All three of these lakes charge the $3.00 daily fee for fishing.

SOUTH ALABAMA

Mobile Delta

The Mobile Delta extends for 30 miles inland from Mobile Bay. The maze of waters offers some productive bream fishing in its 20,323 acres of tidal flows. The angling is especially good on the Lower Delta around the Mobile Causeway.

You may catch bluegills and shellcrackers that weigh as much as a pound each in this area.

The middle Delta, where the marsh grass ends, and the tree line starts, also yields excellent bream fishing.

Gantt And Point A Lakes

Gantt and Point A lakes are two more top bream fisheries in south Alabama Situated on the Conecuh River, both these small impoundments give up some big bluegills and redears. But particularly in the case of Point A, the shellcracker action can be outstanding.

Joe Addison said the waters of these twin reservoirs are quite fertile and weed-filled. Thus they provide excellent habitat for the panfish. Yet, these two sleepers get relatively light fishing pressure.

Gantt Lake holds 2700-acres of water in the community form which it derives its name. It is located north of Andalusia in Covington County, just off SR 29. There are 21 miles of shoreline on the impoundment.

Point A Lake is smaller at 600 acres and is immediately downstream of Gantt. The best access to Point A is via the boat ramp at the Alabama Electric Cooperative Park on Covington CR 59.

Coffee, Crenshaw & Escambia County Lakes

These three state public fishing lakes are all managed intensively for panfish action. They are also ideal for either boat or shore angling,

Escambia County, which is officially Leon Brooks Hines Lake, has 184 acres of water and is located in the Conecuh National Forest. The lake is 23 miles east of Brewton on Escambia CR 11.

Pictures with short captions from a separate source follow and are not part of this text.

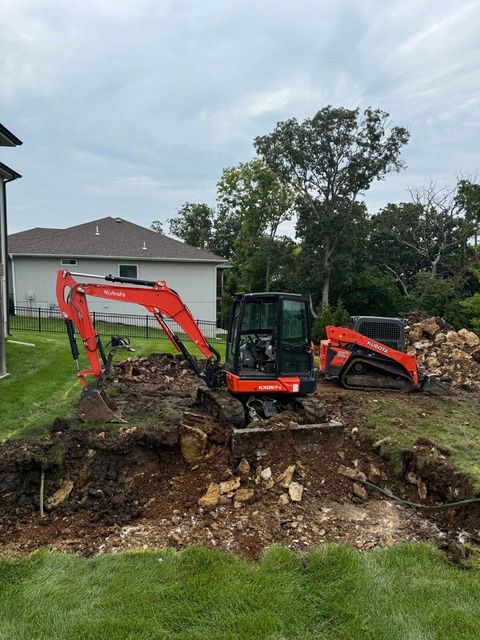 A couple of tractors are sitting on top of a dirt field in front of a house.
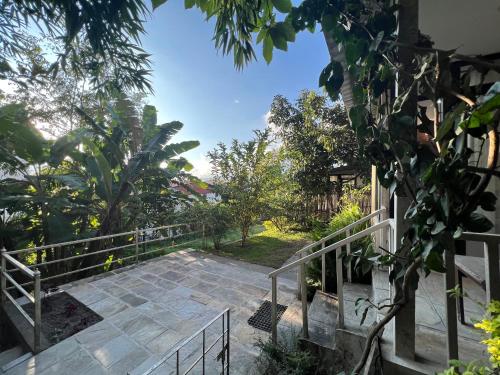 a staircase leading up to a house with trees at Avocado Cottages in Khadkagaon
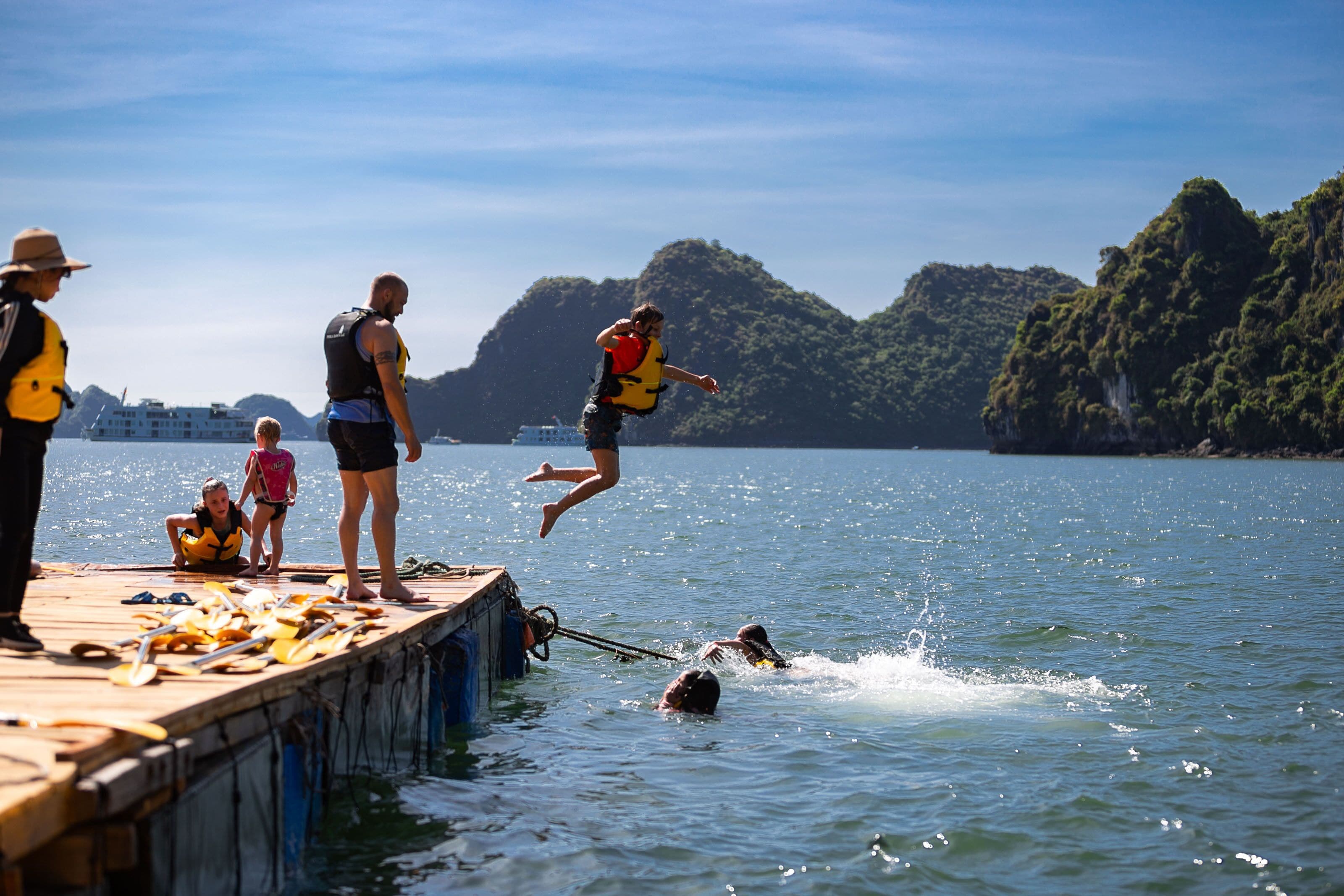 A dock with people preparing for water activities, a boat in the background, and a mountainous landscape.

For more details contact the lake manager at (251) 809-0068.

Coffee County Lake covers 80 acres and is situated 4 miles northwest of Elba, off Coffee CR 54. The lake manager can be reached at (334) 897-6833.

Fifty-three-acre Crenshaw County Lake sits 5 miles south of Luverne, off U.S. Highway 331, have numbers of bream. For information on its bream fishing call the lake manager at (334) 335-2572.

As with the other state lakes, a daily $3.00 fee is charged for fishing.